A BITs of TOTs! Human is human...this is wat came to my mind while chating. We as human are not perfect, and will not be perfect. i really wonder why humans are so complicated?why can't we be more simplistic and live a better life? STOP VIOLENCE, STOP WAR, STOP GREED, STOP every element thats bad in our life. THen another thought comes, if there's no BAD, how would we differentiate GOOD? Monotonic life we will lead. ANdroid style?emotionless? We need bad to realise good. and thus YING and YANG factor. Because i'm a libra, so i'm always balanced in thinking. Everything comes in pairs, everything must be balance! and i like even numbers compared to odd numbers!WEIRD?no...its just how a libra lives! Also, libran prefers square than round.
Of things happened today,one of em is a friend's love problem. I wonder is dat a problem or is dat just sometimes 'shit' does happends. however, this person had chosen to step into the love circle when she knew its gonna last only 3 months.

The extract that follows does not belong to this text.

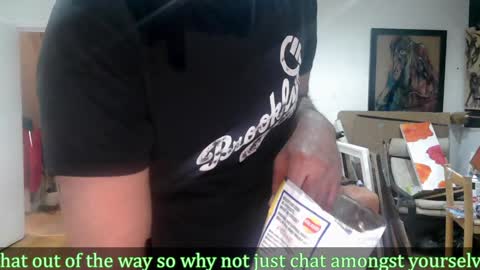 Snapshot of d_w_londonboy chatting on February 8, 2:15 am d w londonboy online show from February 8, 2:15 am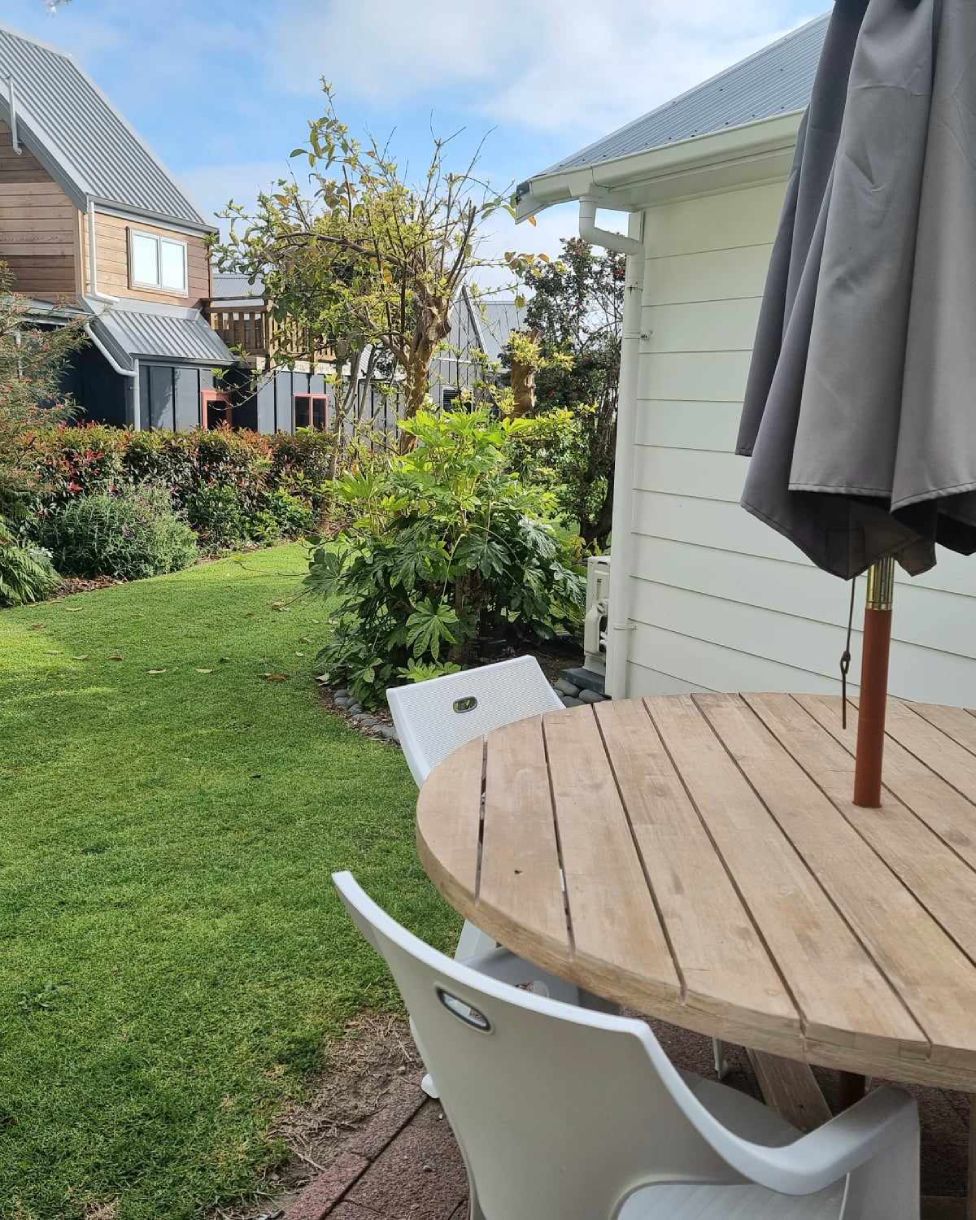 Ohope Beach Motel garden furniture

Not to say you are wrong, and you knew it all along, but when 3months is near, you feel the pain.It all your choice. So choose to live happy with it. and be grateful of ur 3 months!Afterall, first love lasts the longest!keep ur memories tight! and after this 3 months, you'll still have a friend like me.!:P
well..its kinda late now. 2:48am..LUcky day for me..and wat a blog with full of anonimity. But its unavoidable as i'm touching sensitive stuff.